* TASK GOAL
For this listing, reproduce the line with "[해외]HP 14인치 HD", the line with "The Eight Empresses", and the lines between, exactly as they stand. Leave out pictures and all other lines.

* PROVIDED DATA
━━━

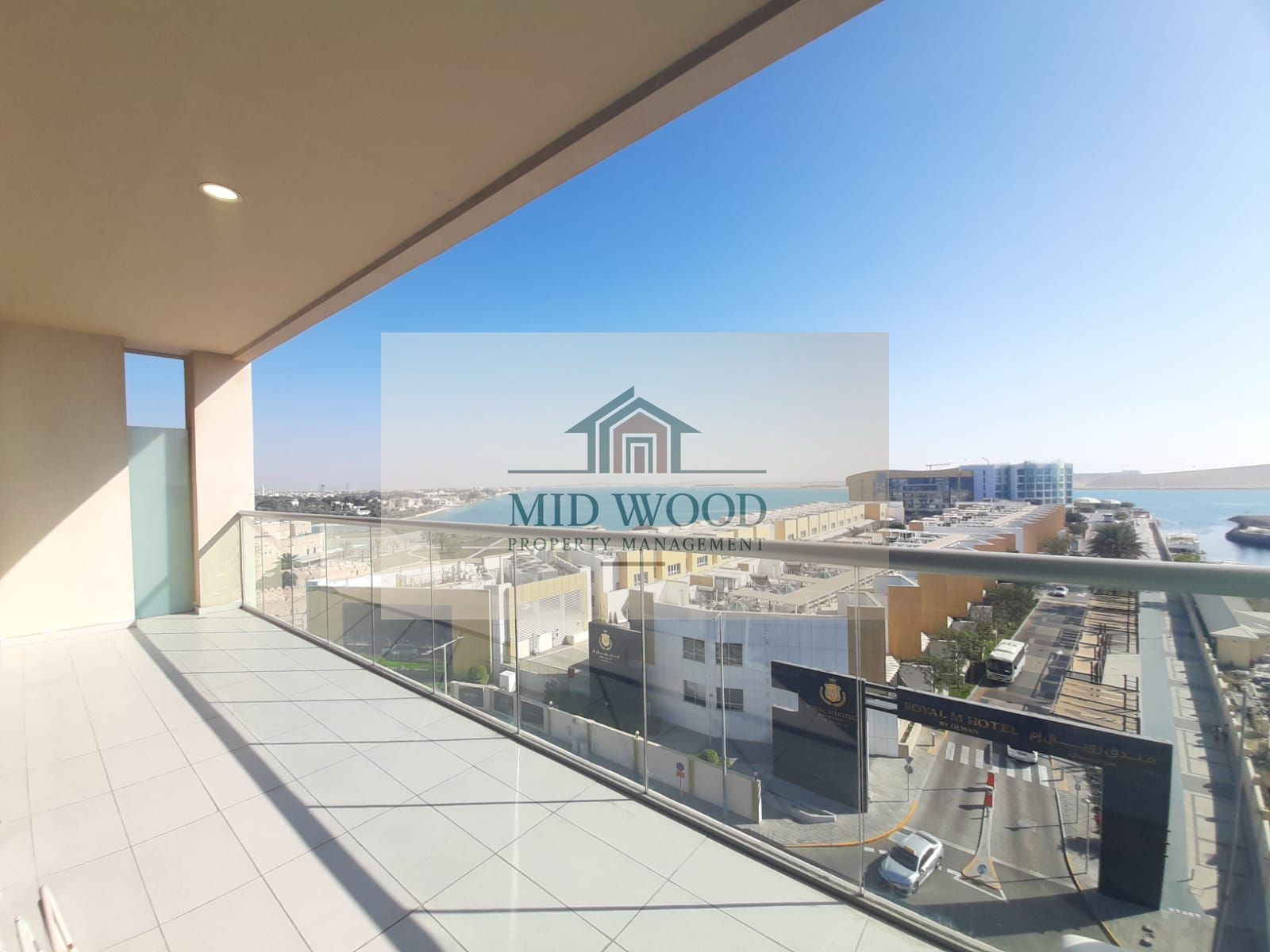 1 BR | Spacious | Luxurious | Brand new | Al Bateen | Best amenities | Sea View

━━━

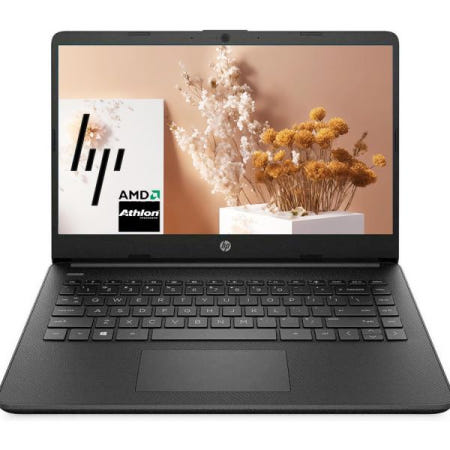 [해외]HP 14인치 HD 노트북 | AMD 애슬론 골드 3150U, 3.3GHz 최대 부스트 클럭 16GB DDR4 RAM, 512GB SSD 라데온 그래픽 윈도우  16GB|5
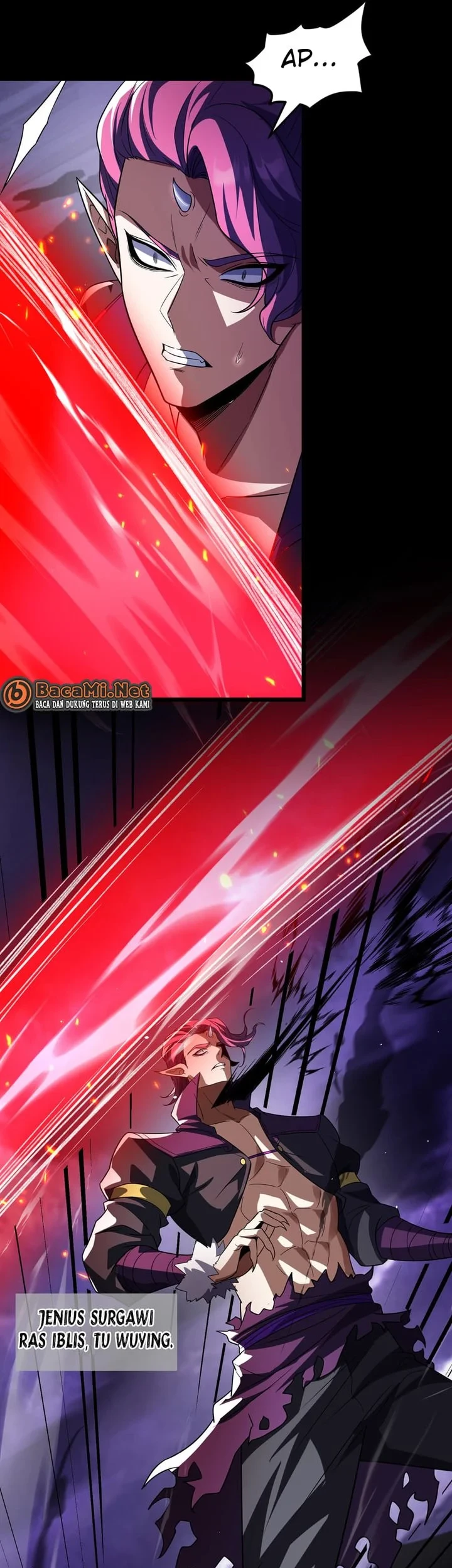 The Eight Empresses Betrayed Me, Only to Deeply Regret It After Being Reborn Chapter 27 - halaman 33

━━━

* ANSWER TO THE PROBLEM
 [해외]HP 14인치 HD 노트북 | AMD 애슬론 골드 3150U, 3.3GHz 최대 부스트 클럭 16GB DDR4 RAM, 512GB SSD 라데온 그래픽 윈도우  16GB|5
 The Eight Empresses Betrayed Me, Only to Deeply Regret It After Being Reborn Chapter 27 - halaman 33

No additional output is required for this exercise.